En effet, en ces temps de crise multidimensionnelle de l’Etat français, d’expansion de la dissidence et de la résurgence de la radicale militance, les accusations de complotisme, cette technique de censure employée par les gouvernants pour verrouiller le débat, éluder les interrogations par trop fâcheuses, délégitimer les discours radicalement critiques, fleurissent dans les ors du Palais présidentiel macronien en voie d’absolutisme et sur les plateaux de la télévision française, majoritairement détenue par les grands argentiers.

Ainsi, en France, sous l’oligarchie macronienne, l’accusation de complotisme fait florès où elle vise souvent à disqualifier toute pensée critique, criminaliser toute voix dissidente.

Particulièrement utilisée depuis la Première Guerre mondiale, notamment à l’époque de l’existence de la flamboyante URSS, l’accusation de complotisme permet de discréditer, diaboliser, psychiatriser, voire criminaliser tout adversaire qui remet en cause la «vérité officielle», le discours dominant.

En matière de diffusion du savoir et d’information, le statut légitime le propos. En d’autres termes, le propos n’a pas la même légitimité selon le statut de son émetteur ou rédacteur. Seul le discours officiel dûment assermenté a droit de cité, bénéficie de l’autorisation argumentaire et réglementaire. Toute parole dissonante, émise par quelque «citoyen lambda», quand bien même scientifiquement documentée et argumentée, est frappée du sceau du discrédit et de l’interdit. Son auteur est ostracisé, fustigé, réduit au silence, voire accusé de complotisme.

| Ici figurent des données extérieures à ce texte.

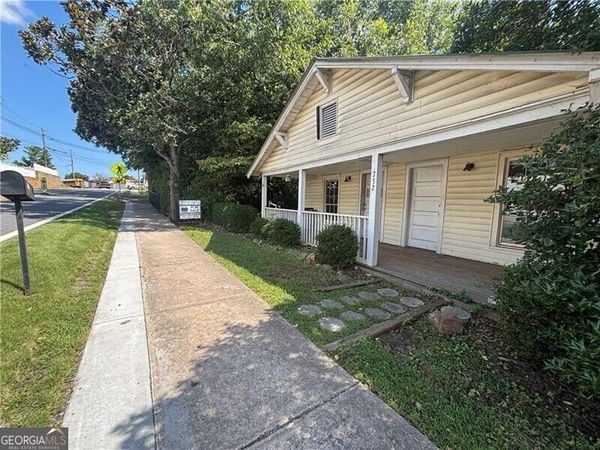 232 Main Street E, Dahlonega, GA 30533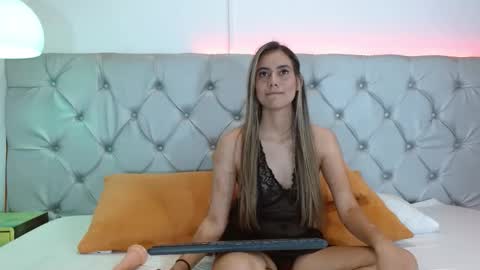 Snapshot of isabellaclarkec chatting on 11/11/25, 02:06 luna veyra online show from 11/11/25, 02:06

Or, s’il y a une vérité historique à énoncer, c’est que le complot, pratique du complot des puissants qu’il faut différencier de la théorie du complot conceptualisée par les médias et brandie par les gouvernants, est l’œuvre des classes régnantes. La pratique du complot règne dans les instances de pouvoir. Au sein des classes dirigeantes, et non parmi les classes dérangeantes ; autrement dit le peuple, le prolétariat.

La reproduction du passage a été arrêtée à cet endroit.